How to Collect an Asbestos Sample
Hygiene and Clean-Up when Collecting Your Asbestos Test Sample
Always use good hygiene practices when working with suspect asbestos-containing materials. Don’t inhale the dust! Wet-wipe up any dust generated during the sampling process. Don’t vacuum as it will spread the dust. Over carpet lay down a disposable surface to catch dust such as a plastic sheeting. Also when done, wet wipe your tools and wash your hands thoroughly.
How to Containerize and Deliver Your Asbestos Test Sample
Submit the sample in an airtight container such as a ziplock bag. Double bagging is a good idea for dustier materials such as popcorn ceiling or blown-in attic insulation. Samples can be hand delivered to our Tigard service center or our Milwaukie lab.

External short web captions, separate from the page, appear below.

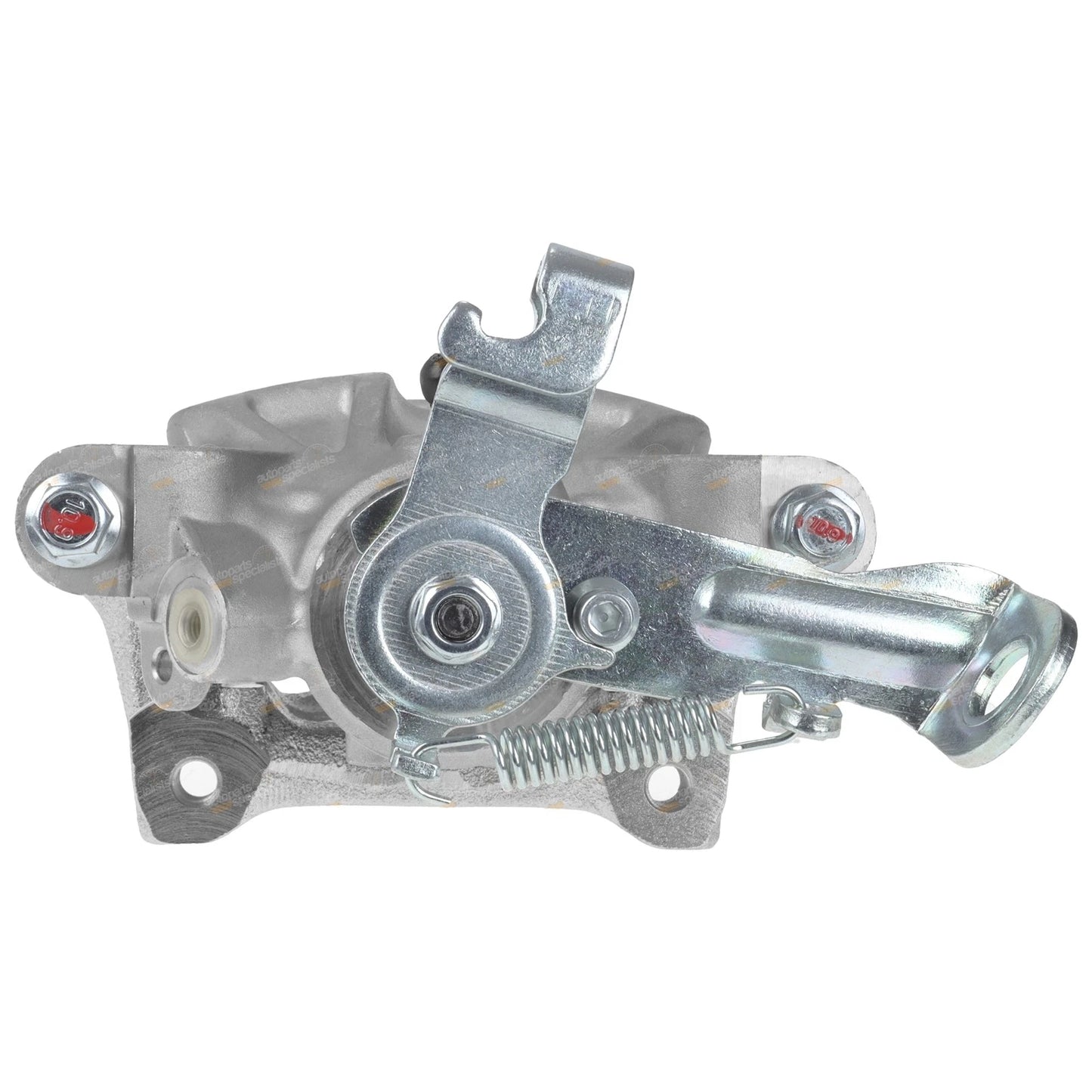 LH Rear Disc Brake Caliper Assembly for Mazda 3 (2014-2019)
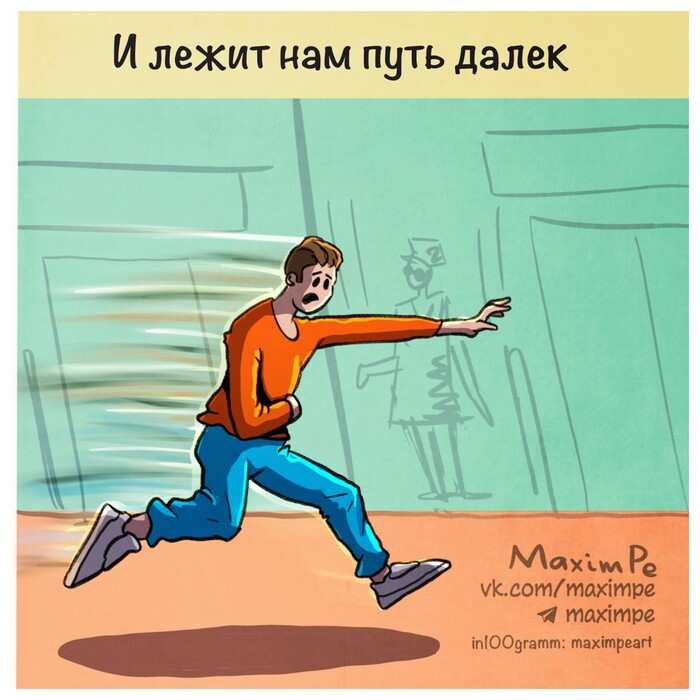    ,    , , , , ,  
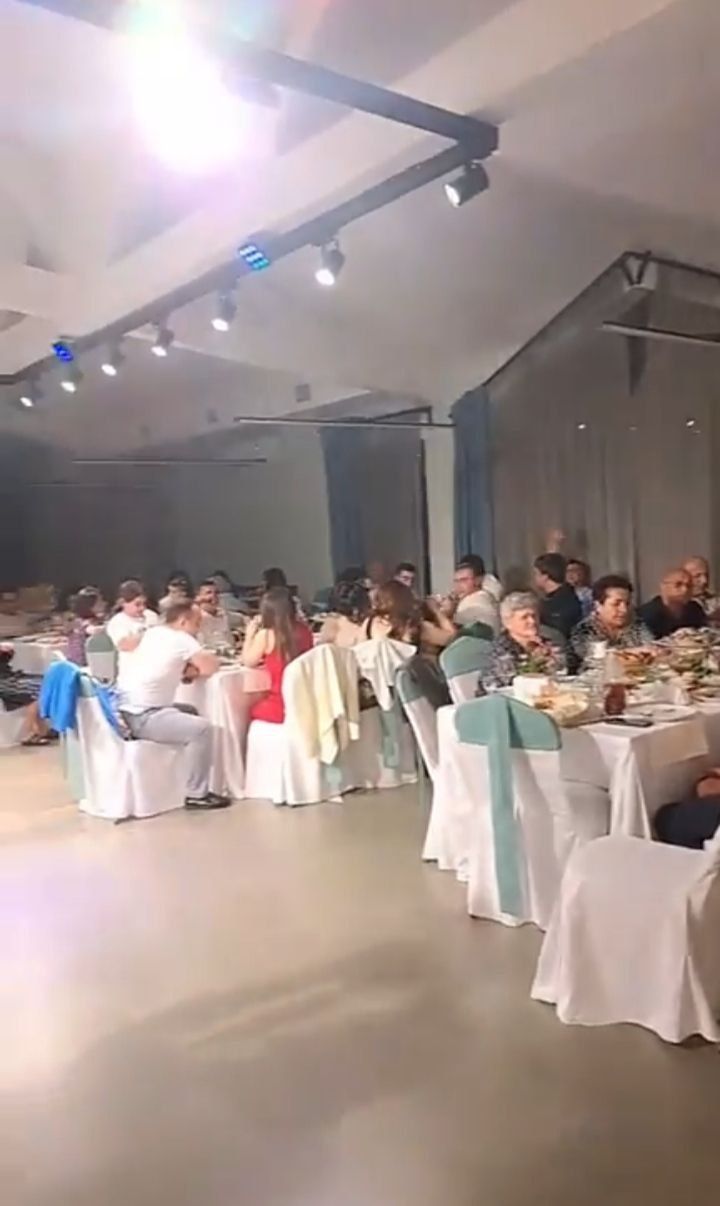 IMG 20230623 002040 912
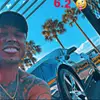 James Shine - @james.shine4 - TikTok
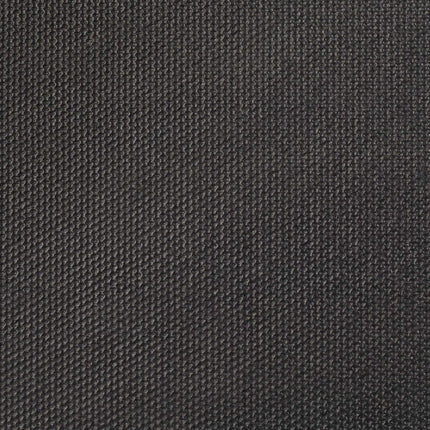 Doormat coconut fiber bicycle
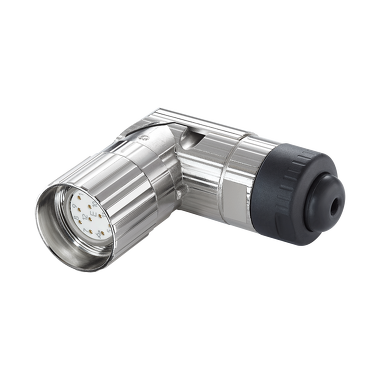M23 Connector ,   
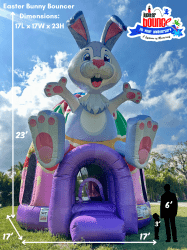 Easter20Bunny20Bouncer20Dimensions 1746721046 Easter Bunny Bouncer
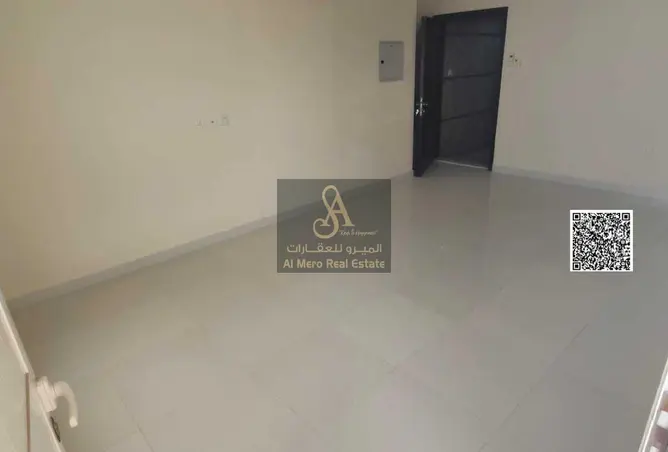 165040830 - صورة العقار 2
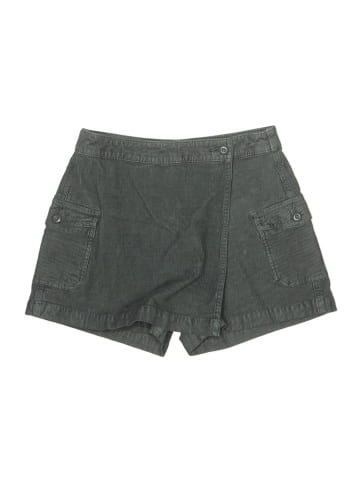American Eagle Outfitters Skort (view 1)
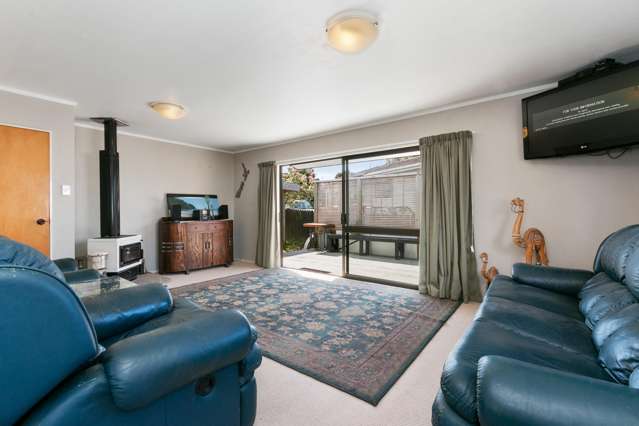 5b Robinson Street Katikati_3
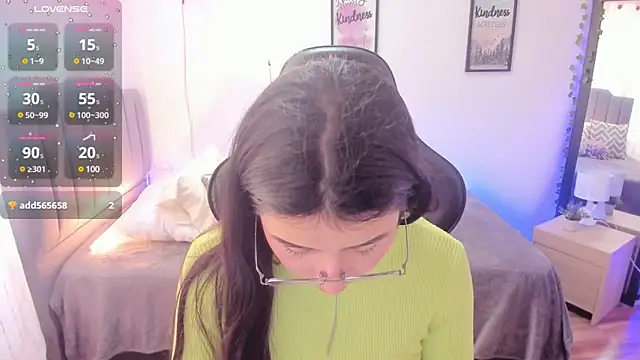 Amy joones online show from 01-13-25, 04:30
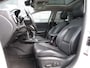 Kia Ceed Sportswagon 1.0 T-GDi ExecutiveLine / 1e EIG / PANO / NAV / Stoelverw. / Stoelkoeling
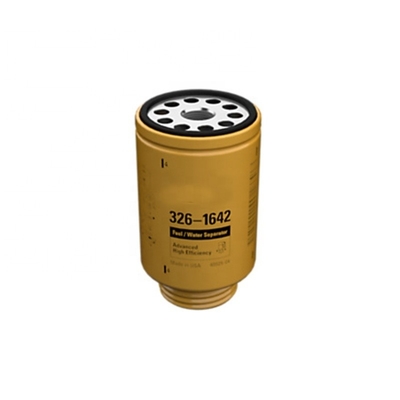 Filtro de separação de combustível e água 3261642 326-1642 P550900 332095668 803442628 55198718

You may choose to use a delivery service such as the post office, FedEx, or UPS. When placing the baggies in a mailer, make sure that they are shut tight. Also, if you are using a regular envelope and mailing it through the post office, do not use the ziplock bags with the nub-like zipper.
Those get hung up in the sorters and rip open. Complete a JSE Chain-of-Custody sample submission form as best you can. The critical part is to write legibly and include your contact information. JSE’s friendly staff is always willing to help answer any questions you may have.
Asbestos Test Sample Size
In general, the lab needs approximately a couple of square inches of hard material or a couple of teaspoons of loose material. We need at least a cup or larger of vermiculite attic insulation for a qualitative test.
Below is even more information about sampling common suspect asbestos-containing materials. For questions regarding specific materials, or if you just need help in general, we welcome your emails and phone calls. Please do not hesitate to contact us!
Flooring and How to Collect Your Asbestos Test Sample
The lab needs approximately one to two square inches but it can be a long skinny strip, or a perfect square, whatever works best for you. Also, sample from the top down to substrate. Include any paper backing or mastic (glue). A sheet vinyl floor generally consists of three layers: the upper vinyl surface, a felt backing, and mastic (glue). A floor tile is usually two layers, the tile and the mastic. Sometimes there is leveling compound or a vapor barrier underneath. Those materials are suspect for asbestos as well. Cut them out with a hammer and wood chisel or carpet blade or any tool that will work for you. Place the contents in a ziplock back.
In order to know if you have made it down to the substrate, determine how many generations of flooring lie beneath the surface. You may notice that there is a slight elevation change when you enter the room. Pulling up a floor register is a great way to view it in cross-section. You may see the original floor at the lowest level, then wood decking above that original, and still more flooring above that. Whatever the case, sample through the cross-section as deep as necessary for your project. Our inspectors like to sample with a wood chisel and hammer or something similar. If you are just sampling the upper generation of flooring, and it is a sheet vinyl, a carpet blade or box cutter may work.
Popcorn Ceiling Material and How to Collect Your Asbestos Test Sample
A sample needs to be representative of the entire area. If you suspect that there was and addition to the home or building, and that the popcorn ceiling in one area may have been applied at a different time than the other, then sample from each location. Also, it is best to submit at least two samples from the same ceiling. There are stories about workers mixing the asbestos into buckets before spraying the mixture on the ceiling. The worker at one end of the hall may have put a lot of asbestos into the mix while his co-worker at the other end of the home may have used little to none. It is best to capture at least a couple of areas. Some regulations actually require three or more samples.
Vermiculite Insulation and How to Collect Your Asbestos Test Sample
Vermiculite was popularly used in attics and wall cavities. Although some methods require a gallon of material, most labs only require at least one good cup in order to make a qualitative determination as to the presence or absence of asbestos. Invert the plastic ziploc bag over your hand and sample from the top of the material, where grains are more coarse, down through to the bottom of the material, where grains are finer. Often the asbestos occurs as smaller, heavier grains that settle to the bottom of the attic floor or wall cavity. Grab around the material, pull the bag around it, and seal.
Wallboard and Plaster Systems and How to Collect Your Asbestos Test Sample
For wall and ceiling systems, make sure to sample through the material so that an identifiable cross-section is collected. For example, a cross-section of wallboard might have a painted textured surface followed by layers of tape, joint compound, brown paper wrap and a white, chalky sheet of gypsum. Sampling from an inside corner where two pieces of drywall are seamed with “mud” and tape is recommended.
Plaster systems may contain a fine coat of painted texture on the surface followed by a coarser-grained “scratch” coat over a wood lathe and metal screen. The wood and metal do not need to be included in the sample.